In 1979, Douglas Hofstadter won the Pulitzer prize for general nonfiction for his book Gödel, Escher, Bach: An Eternal Golden Braid. In it, he discusses Bach at length, including the mind-boggling complexity of his compositions — how he would weave the same general theme throughout the various voices (instruments) used in the song, albeit not just with simple harmony, but by playing the melody backward and playing it at different tempos. Now, any composer could do this; they could “work it out” — but how many could do those things and make them sound good, rather than contrived, boring, and “clashy” (for lack of a better word)? I don’t know if there is anyone besides Bach who could accomplish that. On that score, I’m from Missouri (the “Show Me State”) at any rate.
Although musicologists and sociologists have estimated Bach’s IQ was “only” 165 (barely in the “exceptionally gifted range” according to the chart here), I have to assume his creative IQ and musical IQ were at least in the 200s.

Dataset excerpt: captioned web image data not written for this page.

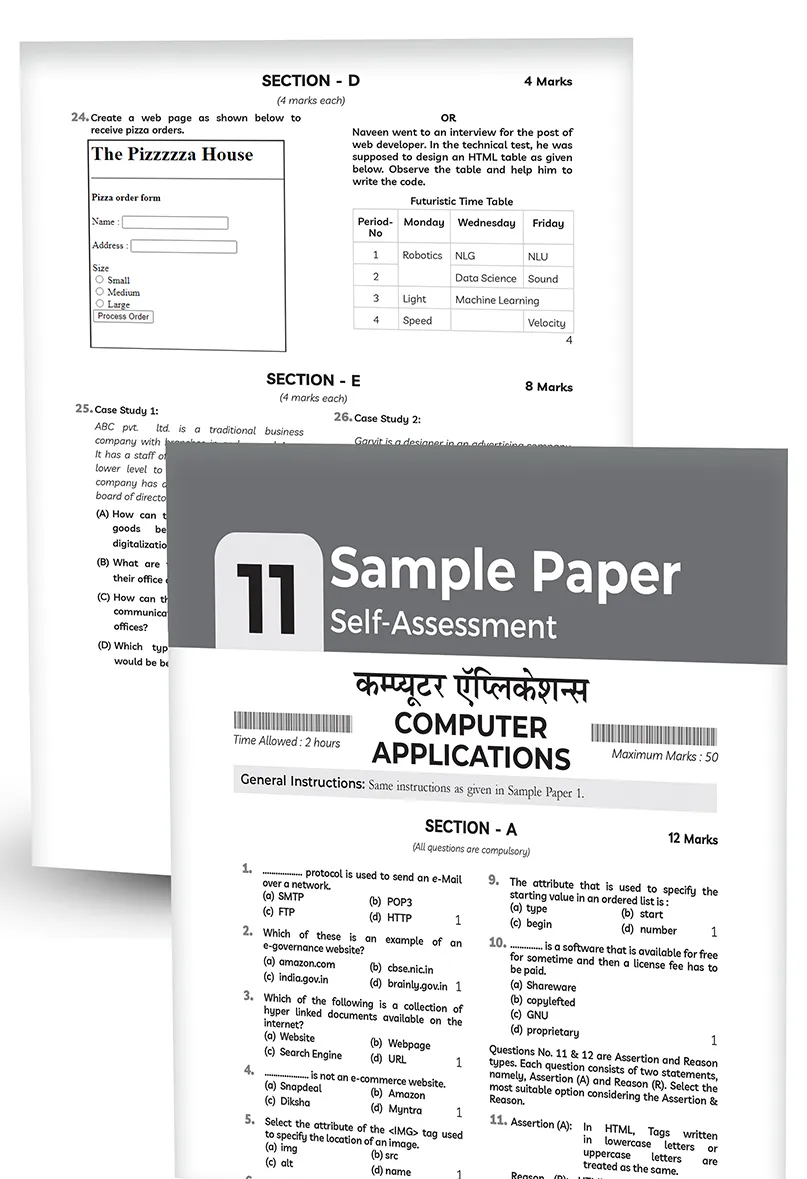 Educart CBSE Sample Paper Class 10 Computer Application for 202324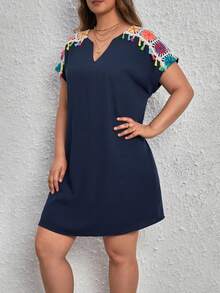 SHEIN VCAY 大碼印花缺口領蝙蝠袖洋裝 - 藏蓝色 - 查看 5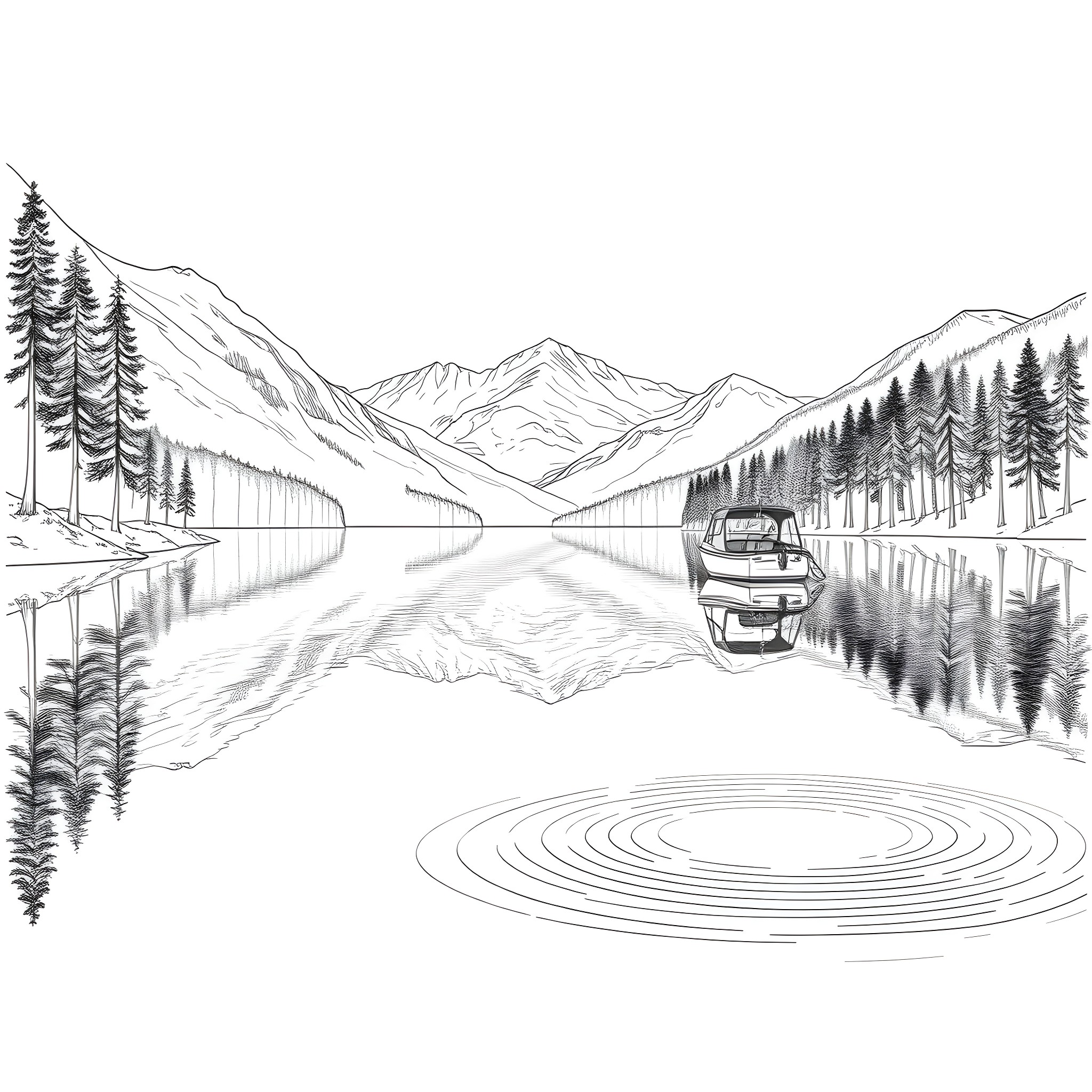 So Serene Landscape with Boat Reflecting on Calm Lake Coloring Page (free black-and-white line drawing printable PDF for all, from beginners to advanced learners, including children, teens, adults, and seniors)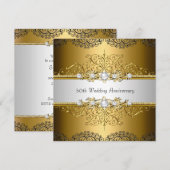 花の渦 50周年結婚記念日招待状 3 招待状 (正面/裏面)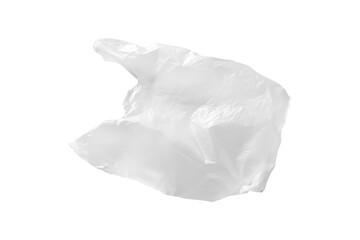 Empty plastic bag isolated on white background. Illustration of reducing plastic bags to help reduce global warming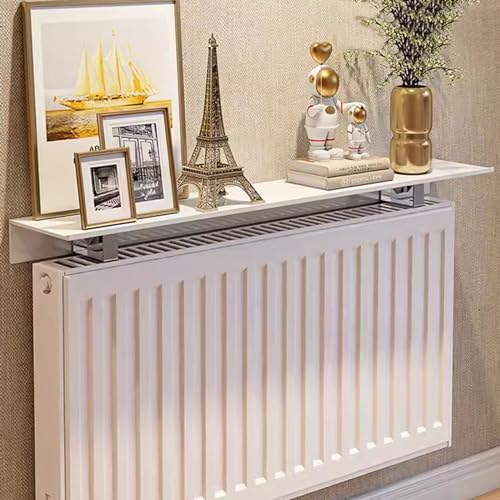 AHDFY Radiator Shelf,Radiator Cover White,No drilling required,35-80cm Dustproof Radiator Shelf for Home Office Kitchen Bedroom Living Room(Length can be customized),80cm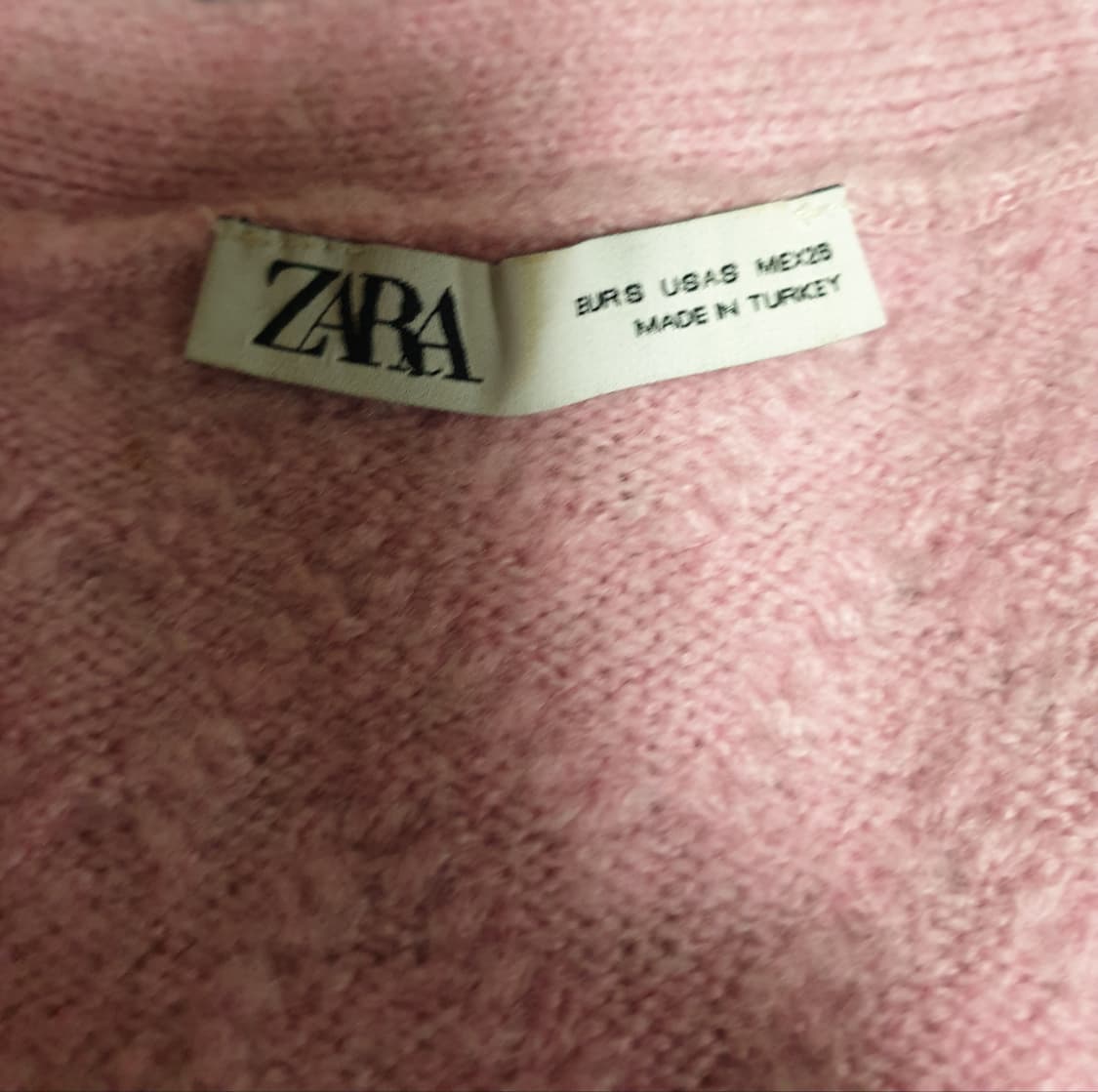 자라 크롭 니트 가디건 핑크 (S) 상품이미지2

Here are the youtube videos I mentioned earlier which examine Bach’s music and life:
As my parting gift of unsolicited opinion, I want to state that I love almost all genres of music, from folk to funk, bluegrass to blues and jazz, country to classical, and reggae to rock and rockabilly, with the few exceptions being rap, death metal, and opera. I was glad to hear the following said of Bach in A Passionate Life above: “He didn't write a single opera.” I already knew that the G.O.A.T. wrote no rap or death metal, but I was gratified to hear that he also wasted no time or brain cells on opera.
Did anybody get my visual pun (you’d have to know German)?